それから数分、ぜえぜえと才蔵の息が上がった。
さすがに怒りはおさまってきただろう。
おそるおそる、幸村は尋ねた。
「……気はすんだか?」
「は、はい。お見苦しいところをお見せして申し訳ありません」
才蔵は息を整えようとする。茶が欲しいと思っていたら、
「はい。どうぞ」
明るい声とともに、頃合いよく茶が差し出された。
「あ、ありがとうございます」
才蔵は差し出された湯のみをかっさらい、一気に飲み干した。ひと息つく。
「すみません。もう一杯――」
途端、湯のみが手から離れた。
それは瞬時に、茶を差し出した片手に受け止められた。
「あっぶないなぁ。
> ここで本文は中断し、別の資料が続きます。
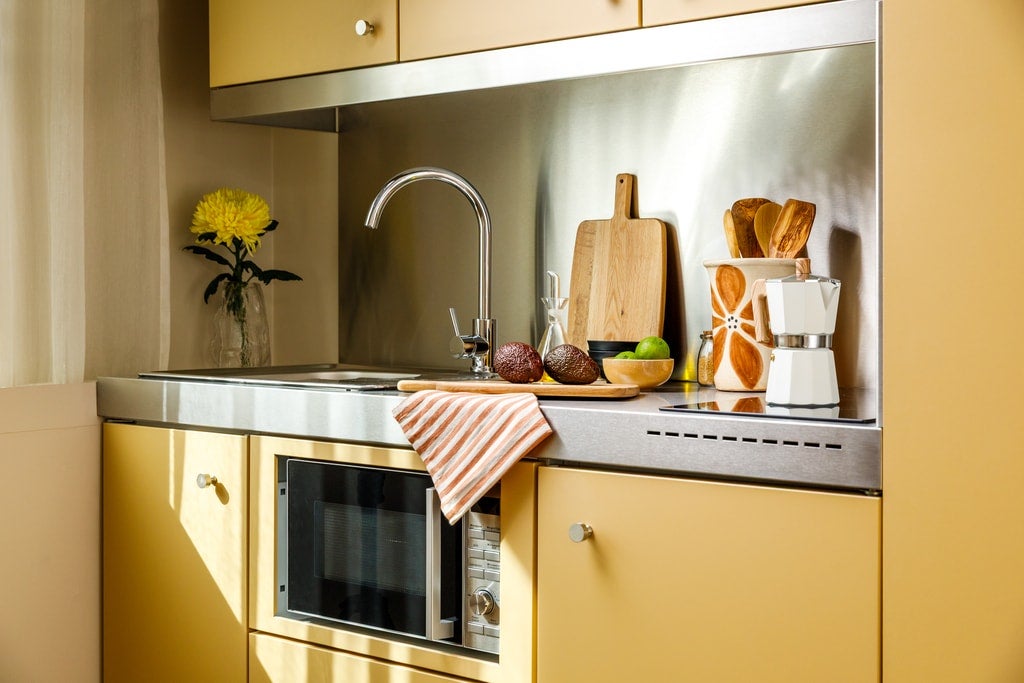 Flat Hackney Road in Greater London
さいちゃん」
緋色の長い髪と幸村と同じ色の瞳。底抜けの明るさを含んだ口調で才蔵を『さいちゃん』と呼ぶ、幼い顔立ちをした小柄な青年――幸村に仕える勇士たちの頭領が、そこにいた。
「さ、佐助! お前、いつの間に……!」
才蔵だけでなく幸村も佐助の出現に驚く。
「ここを通りかかったら、さいちゃんがすんごく怒っているんだもん。怒った後は喉が渇くと思ってさ。お茶を淹れてきてあげたの。――おれ、えらいでしょ」
若さま褒めて褒めて、と言わんばかりの佐助に幸村は苦笑するしかない。対して、才蔵は佐助を冷静に観察していた。別段おかしいと感じることはない。普段どおりだ。主君の思い過ごしではないか、そう思っていた矢先のこと。
「ねえ~、さいちゃん」
佐助の上目遣いと猫なで声に、うすら寒いものを感じた才蔵は、つい身構える。
「な、なんですか?」
「おれがさいちゃんに押しつけた仕事ってどれくらいあるの~?」
「しょ、書面がざっと二百枚ほど……」
「そっか。それなら、おれがやるよ」
「えっ……?」
意外な申し出に面くらう才蔵。
本来なら「あなたの仕事ですよ!」と怒鳴るところであるが……できなかった。
「だって。それ、おれの仕事でしょ? だったら、おれがやらなきゃ」
ますます目を剥いた。
思わず「なにか悪いものでも食べたんですか?」、「頭でも打ちましたか?」と間抜けな質問を投げかけそうになったが、ぐっと呑み込んだ。そのかわり、こう返す。
「……い、いいんですか?」
「うん!」
「わ、わかりました。私の物書き机の上にありますから、持っていってください」
「おれ、がんばるよ。――じゃあね。若さま、さいちゃん」
思い立ったが吉日のごとく、鼻歌を歌いながら出て行く佐助。
それを茫然と見送る才蔵。
しばらくして、ようやく正気に返ったのか、幸村に真顔で言った。